The guy (who has lived there now for over a year) used to drive a small truck; the sort of moving truck you can hire for yourself for the weekend. And instead of parking it on the street like a sensible person, he used to drive it up the communal driveway, breaking branches off all the trees and shrubs that line the driveway, and then wake us all at 6am when he reversed back down to the street with the loud BEEP-BEEP-BEEP noise that reversing trucks make. Thankfully, he no longer drives the truck.*
* And I SWEAR I had nothing to do with slashing the tyres!
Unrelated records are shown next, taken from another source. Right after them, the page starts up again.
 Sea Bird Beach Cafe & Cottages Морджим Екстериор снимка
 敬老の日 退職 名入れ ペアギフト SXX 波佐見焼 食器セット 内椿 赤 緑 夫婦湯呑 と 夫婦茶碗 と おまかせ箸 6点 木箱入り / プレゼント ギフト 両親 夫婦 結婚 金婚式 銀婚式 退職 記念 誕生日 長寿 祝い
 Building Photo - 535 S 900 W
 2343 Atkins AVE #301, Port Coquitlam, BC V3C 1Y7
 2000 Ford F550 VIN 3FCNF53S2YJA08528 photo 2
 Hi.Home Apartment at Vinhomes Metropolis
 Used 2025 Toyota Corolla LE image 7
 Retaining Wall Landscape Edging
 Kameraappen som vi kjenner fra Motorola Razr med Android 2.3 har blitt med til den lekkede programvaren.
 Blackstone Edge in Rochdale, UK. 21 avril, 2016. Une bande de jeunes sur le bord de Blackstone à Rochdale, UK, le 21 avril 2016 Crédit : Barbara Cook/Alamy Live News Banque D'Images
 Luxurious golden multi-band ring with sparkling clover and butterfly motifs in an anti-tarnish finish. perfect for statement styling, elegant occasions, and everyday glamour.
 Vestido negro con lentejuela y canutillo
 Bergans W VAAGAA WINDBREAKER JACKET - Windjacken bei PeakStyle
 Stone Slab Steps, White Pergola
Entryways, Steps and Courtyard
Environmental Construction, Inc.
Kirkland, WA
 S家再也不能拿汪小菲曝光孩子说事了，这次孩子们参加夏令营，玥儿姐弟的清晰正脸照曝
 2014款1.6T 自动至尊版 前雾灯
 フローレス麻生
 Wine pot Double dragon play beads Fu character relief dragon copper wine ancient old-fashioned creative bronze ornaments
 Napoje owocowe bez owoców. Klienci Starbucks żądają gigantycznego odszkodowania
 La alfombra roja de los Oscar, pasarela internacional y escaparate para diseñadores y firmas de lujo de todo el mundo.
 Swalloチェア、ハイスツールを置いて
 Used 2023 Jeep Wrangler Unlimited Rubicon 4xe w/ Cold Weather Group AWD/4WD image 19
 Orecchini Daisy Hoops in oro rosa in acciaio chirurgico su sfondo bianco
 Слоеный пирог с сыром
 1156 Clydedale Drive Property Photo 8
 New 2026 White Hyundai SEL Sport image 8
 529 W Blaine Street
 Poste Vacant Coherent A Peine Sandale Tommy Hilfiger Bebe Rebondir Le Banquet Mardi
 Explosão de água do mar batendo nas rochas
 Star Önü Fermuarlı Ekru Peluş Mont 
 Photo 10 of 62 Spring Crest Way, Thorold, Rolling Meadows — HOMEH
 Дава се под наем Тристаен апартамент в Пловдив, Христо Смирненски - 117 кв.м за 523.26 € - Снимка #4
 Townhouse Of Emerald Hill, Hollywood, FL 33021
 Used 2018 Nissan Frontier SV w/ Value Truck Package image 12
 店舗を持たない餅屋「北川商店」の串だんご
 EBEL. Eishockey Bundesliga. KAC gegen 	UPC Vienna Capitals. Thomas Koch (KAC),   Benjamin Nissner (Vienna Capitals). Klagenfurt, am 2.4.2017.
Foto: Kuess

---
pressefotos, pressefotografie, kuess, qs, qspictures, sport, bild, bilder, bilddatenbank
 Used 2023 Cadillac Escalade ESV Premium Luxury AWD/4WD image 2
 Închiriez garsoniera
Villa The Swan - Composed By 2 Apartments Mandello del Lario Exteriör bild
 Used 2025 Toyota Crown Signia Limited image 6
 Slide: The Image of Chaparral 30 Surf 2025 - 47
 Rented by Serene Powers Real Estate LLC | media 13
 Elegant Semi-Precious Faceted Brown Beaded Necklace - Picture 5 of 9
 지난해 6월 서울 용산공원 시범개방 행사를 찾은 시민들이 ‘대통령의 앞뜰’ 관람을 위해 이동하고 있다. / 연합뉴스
Additionally, the renting guy’s fiancée is a cantankerous soul. We recently had some problems with the communal sewer line. Somewhere out in the nature strip a tree root had broken through the pipe and was blocking the contents from swimming happily away. Instead, it was backing up and overflowing in our backyard (another delightful consequence of living in the first unit). This meant that our backyard was slowly filling up with toilet paper and human waste every time someone in any of the four units flushed their toilet or used any water. The smell of fecal matter was quite repulsive and getting stronger by the hour. When the plumber told us he’d be out the following day, I politely told the residents about the problem and asked them to see what they could do about keeping their water usage to a minimum until the next morning. Everyone was okay with this except the fiancée of the guy in Unit 3, who snapped at me that she’d be using the water however much she damn well wanted; I couldn’t expect her not to shower in the morning and use the dishwasher at night. I didn’t react, but it made me mad. Using the dishwasher is a necessity?! Even going one morning without a shower wouldn’t hurt you. But I hadn’t even asked for anything specific to be skipped, so her carelessness and inconsideration of the position the three units were placing us in with our backyard had me incensed. Her attitude was completely unreasonable. I’d like to see how she’d have coped if (a) she was the one in the front unit at the time, and (b) she owned the place rather than rented it. She’d have been screaming bloody murder at the rest of us to move into a hotel until it was fixed, rather than go to the toilet and have the pipes spew the contents up onto our back patio and grass area. Especially not when we’ve got two cats, who are curious by nature. True, the grass grew nice and strong in the weeks after the pipe was fixed.
Another anecdote that relates to the deadbeat renter in Unit 3 is that he’s had a deadbeat car sitting idle in the street since September. It died for some reason and was wheeled down the communal driveway and onto the road by himself and a friend (I saw him doing it), and it has been there ever since. Being a safe and secure sort of neighbourhood, within a week the back window on the driver’s side had been smashed in, and presumably some items were stolen (or perhaps the thieves had hopes of driving off in the vehicle until they realised it wouldn’t start). In any event, for about a week it sat there with a smashed rear window, shattered glass sprinkled on the road around it and jagged shards of glass sticking out of the window frame. Eventually, he came down and cleaned up the glass, but the car – complete with smashed in rear window – has not moved since. This includes the rainstorms we’ve had, the hail on Christmas Day, and the intense heat of this summer. Possums are probably using the car as shelter during the night, and I’m sure the occasional passing drunks (see below) have had their merry way with the vehicle from time to time. I’ve noticed that the rego runs out in March, so if it’s still there then, I’ll be making an anonymous call to the council. It’s in the way and it’s a useless rust bucket that should have been dealt with months ago.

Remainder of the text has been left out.